Weitere Äußerungen Trumps ließen aber darauf schließen, dass er sich tatsächlich von Comeys Russland-Ermittlungen unter Druck gesetzt fühlte. Am Freitag folgte dann eine offene Drohung an den ehemaligen FBI-Chef: Trump warnte Comey davor, mit internen Informationen an die Öffentlichkeit zu gehen.

Spicer bestritt zugleich, dass Trump Comey gedroht habe. "Das ist keine Drohung", sagte er. Der Präsident habe lediglich Tatsachen festgehalten. Die "New York Times" hatte berichtet, Trump habe von Comey bei einem Abendessen eine Woche nach seinem Amtsantritt im Januar verlangt, seine "Loyalität" zu ihm zu bekunden. Dies habe ihm Comey verweigert. Stattdessen habe der FBI-Chef lediglich versichert, dass er zu dem Präsidenten immer ehrlich sein werde, berichtete die Zeitung unter Berufung auf zwei Comey-Vertraute. Diese vermuteten, das Abendessen habe das Ende von Comeys Karriere besiegelt.

Vier mögliche Kandidaten

Nach der spektakulären Entlassung des FBI-Direktors James Comey sucht US-Präsident Donald Trump einen neuen Chef der Bundespolizei. Laut US-Medienberichten wollten Justizminister Jeff Sessions und sein Stellvertreter Rod J. Rosenstein am Samstag mit vier möglichen Kandidaten zusammenkommen.

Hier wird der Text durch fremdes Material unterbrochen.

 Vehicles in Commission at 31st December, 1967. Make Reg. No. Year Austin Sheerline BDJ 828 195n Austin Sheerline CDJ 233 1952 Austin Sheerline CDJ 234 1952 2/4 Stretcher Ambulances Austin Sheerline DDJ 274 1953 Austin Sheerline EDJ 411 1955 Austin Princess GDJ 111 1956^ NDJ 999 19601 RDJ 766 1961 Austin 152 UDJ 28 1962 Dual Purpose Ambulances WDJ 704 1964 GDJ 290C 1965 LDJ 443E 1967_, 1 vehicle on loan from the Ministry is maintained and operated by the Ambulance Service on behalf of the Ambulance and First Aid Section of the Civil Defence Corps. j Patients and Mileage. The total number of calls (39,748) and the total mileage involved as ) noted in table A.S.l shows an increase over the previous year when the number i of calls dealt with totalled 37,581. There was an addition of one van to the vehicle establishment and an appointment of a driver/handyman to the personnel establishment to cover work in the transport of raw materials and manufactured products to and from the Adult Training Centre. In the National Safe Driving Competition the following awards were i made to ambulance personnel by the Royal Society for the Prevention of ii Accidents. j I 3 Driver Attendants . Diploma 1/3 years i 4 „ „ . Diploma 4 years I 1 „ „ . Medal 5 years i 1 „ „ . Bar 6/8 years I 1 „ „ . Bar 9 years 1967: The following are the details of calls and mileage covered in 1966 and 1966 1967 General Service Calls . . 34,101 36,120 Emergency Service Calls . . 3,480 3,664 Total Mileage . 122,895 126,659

Genannt werden John Cornyn, der zweitranghöchste Republikaner im Senat, der FBI-Interimsdirektor Andrew McCabe, die Rechtsanwältin Alice Fisher, frühere Leiterin der Abteilung Kriminalität im Justizministerium, sowie Michael Garcia, Richter am Berufungsgericht des Staates New York. Allerdings sind den Medienberichten zufolge auch noch andere Kandidaten im Gespräch.

Widersprüchliche Angaben zu Entlassungsgründen

Trump hatte Comey am Dienstagabend überraschend entlassen. Das Weiße Haus machte zu den Gründen wechselnde und zum Teil widersprüchliche Angaben. Das FBI untersucht Vorwürfe einer russischen Einflussnahme auf die US-Wahl sowie Kontakte zwischen Mitgliedern von Trumps Wahlkampfteam und Vertretern Russlands.

Den Berichten zufolge bemüht sich das Weiße Haus um einen Comey-Nachfolger, dem keine sehr engen Verbindungen zu Trump nachgesagt werden können. Der Justizminister ist Vorgesetzter des FBI-Direktors, aber das letzte Wort über den Kandidaten liegt beim Präsidenten. Danach muss der Senat die Nominierung billigen.